Book Review: Sean Scully “Walls of Arran”
The compact size of the book works well. I own some very large photography books, and the restraint here feels appropriate. It’s an easy book to pick up and spend time with.
Colm Tóibín’s introductory words are particularly evocative. He writes about the journey from Dublin to the islands and the movement into a landscape shaped by weather, distance and isolation:
“I was moving into a world of nature governed by wind and weather, sharp and soft lines of the horizon, disappearing perspective, high skies and great banks of cloud, and a world of people governed by politeness, watchful slow glances and deliberate understandment.”
It feels like a passage out of the modern world and into something slower and more remote.
The photographs themselves are built around repetition and variation.
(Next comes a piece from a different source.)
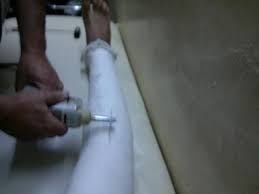 صور رجل مجبسه الفرق بين الجبس الابيض والجبس البلاستيكى كيوت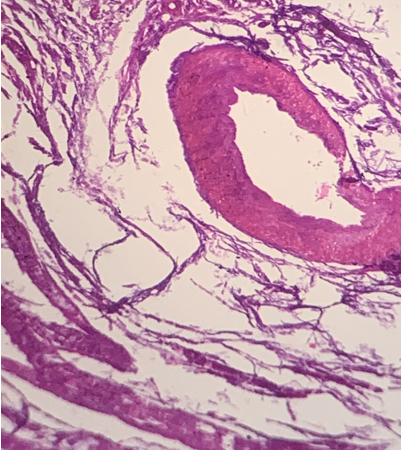 Stratified squamous epithelium along with granular layer, no sebaceous glands are seen on the histopathology exam.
The subject matter is extremely narrow — stone walls photographed repeatedly — yet the work never feels repetitive. Different stone sizes, patterns, construction methods and orientations create an enormous amount of visual variety.
One section of the book focuses on more abstract views of the walls. Some run horizontally, others vertically. At times the photographs begin to resemble paintings, perhaps closer to Rothko than documentary photography, though they always remain grounded in the physical reality of the stone itself.
What appeals to me most is the discipline of the project. The subject matter is incredibly tight, but the variations seem endless. Books like this remind me that narrower subjects often produce stronger bodies of work.
That is probably one reason I continue to return to long-term projects over many years. Recently I’ve been reviewing older work and making new assemblages from several projects, and books like this reinforce the value of staying with a subject for longer than feels necessary.
I look forward to getting out and photographing more when my energy and health allow. This book has helped me develop ideas for the Edgelands Project and my print store.